No Brasil, essa luta é encabeçada pelo Geledés - Instituto da Mulher Negra, que em 1988 denunciou a esterilização em massa de mulheres negras. Em 1992 foi criada a ONG Criola, que atua de forma incisiva com os direitos reprodutivos das mulheres. No mesmo período, aconteceram eventos importantes da luta como a criação da Comissão Parlamentar de Inquérito da esterilização em massa de mulheres negras no Senado Federal (1991) e o I Seminário Nacional de Políticas e Direitos Reprodutivos das Mulheres Negras em 1993. 

A ativista estadunidense Patrícia Hill Collins cita três dimensões da justiça reprodutiva:

  • O direito à parentalidade nas condições de escolha própria;
  • O direito à não parentalidade, fazendo uso de controle de natalidade, aborto ou abstinência;
  • O direito à parentalidade em ambientes seguros e saudáveis, livres de violência cometida por um indivíduo ou pelo Estado.

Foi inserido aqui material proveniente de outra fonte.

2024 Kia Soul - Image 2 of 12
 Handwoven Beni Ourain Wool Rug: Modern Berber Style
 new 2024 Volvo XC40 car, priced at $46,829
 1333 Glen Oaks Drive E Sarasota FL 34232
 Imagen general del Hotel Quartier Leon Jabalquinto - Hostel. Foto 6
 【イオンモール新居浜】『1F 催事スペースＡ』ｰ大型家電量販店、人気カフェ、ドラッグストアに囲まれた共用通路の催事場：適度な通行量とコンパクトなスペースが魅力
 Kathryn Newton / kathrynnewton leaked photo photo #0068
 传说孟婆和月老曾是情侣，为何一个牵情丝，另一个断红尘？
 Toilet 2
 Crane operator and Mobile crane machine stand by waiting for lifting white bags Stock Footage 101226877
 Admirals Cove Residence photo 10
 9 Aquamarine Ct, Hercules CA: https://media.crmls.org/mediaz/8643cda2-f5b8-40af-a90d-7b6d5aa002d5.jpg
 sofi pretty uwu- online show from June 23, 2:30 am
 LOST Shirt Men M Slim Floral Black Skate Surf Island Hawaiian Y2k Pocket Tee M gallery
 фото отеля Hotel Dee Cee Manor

Na prática isso significa garantir para meninas e mulheres igualdade de acesso a direitos para uma vida digna. No campo de serviços de saúde isso é:

  • Acesso a testes como Papanicolau e mamografia;
  • Acesso a métodos anticoncepcionais;
  • Cuidados pré-natais e de parto;
  • Aborto legal;
  • Esterilização, prevenção e tratamento de infecções sexualmente transmissíveis e HIV/Aids;
  • Educação sexual.

Além de questões ainda mais amplas como enfrentamento à violência doméstica, questões ambientais, salários adequados e justos para sustento das famílias, moradia digna, educação e muitos outros direitos.